# FFS



## kimbo (11/4/15)

Because our municipality did not think it will be a good idea to pay their bill to Eskom we will have 8 hour power cuts a day

http://www.ofm.co.za/article/Local-...iks-af?utm_source=dlvr.it&utm_medium=facebook


----------



## Philip (11/4/15)

Thats insane


----------



## Daniel (11/4/15)

Eish that's harsh , time to invest in a generator methinks....

It's only going to get worse with Medupi three years from operational and that won't even fill the current crisis we have I literally see dark days ahead ...


----------



## Silver (11/4/15)

I heard about this
Terrible
Sorry to hear @kimbo

I have moved this thread to "off topic"


----------



## kimbo (11/4/15)

If Eskom just open the grid so the solar and wind power stations can feed into it it will be so much better, but no they are not willing to pay for something they cant do now the country must suffer


----------



## kimbo (11/4/15)

Silver said:


> I heard about this
> Terrible
> Sorry to hear @kimbo
> 
> I have moved this thread to "off topic"

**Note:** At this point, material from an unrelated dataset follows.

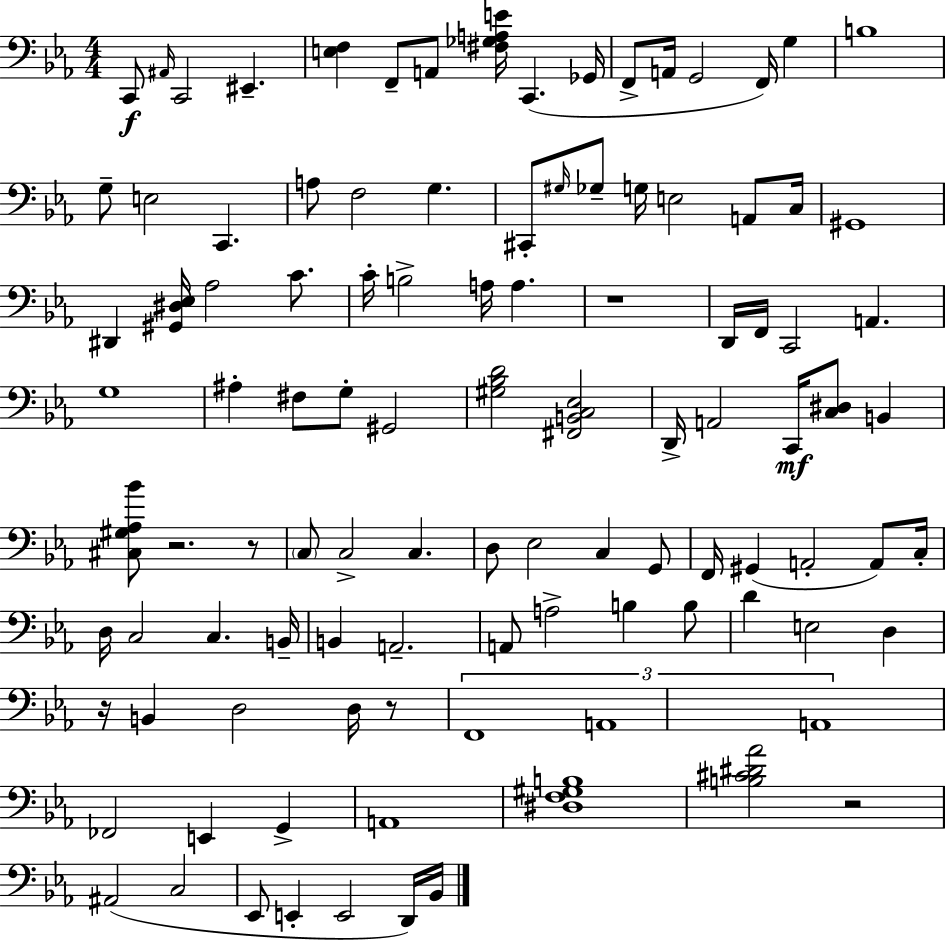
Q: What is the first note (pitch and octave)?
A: C2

Thank you @Silver, sorry i had to ***** somewhere

Reactions: Like 1


----------



## johan (11/4/15)

Geez thats insane @kimbo, I assume we're going to see more of this in the "*OFF* topic" threads.

Reactions: Funny 1


----------



## kimbo (11/4/15)

johan said:


> Geez thats insane @kimbo, I assume we're going to see more of this in the "*OFF* topic" threads.


@johan it just gets me that the public must pay for one mans/womans stupidity thinking a new car is better than a bill, and he/she just laughs because he/she has a generator at home so his will not effect him/her

Reactions: Agree 1


----------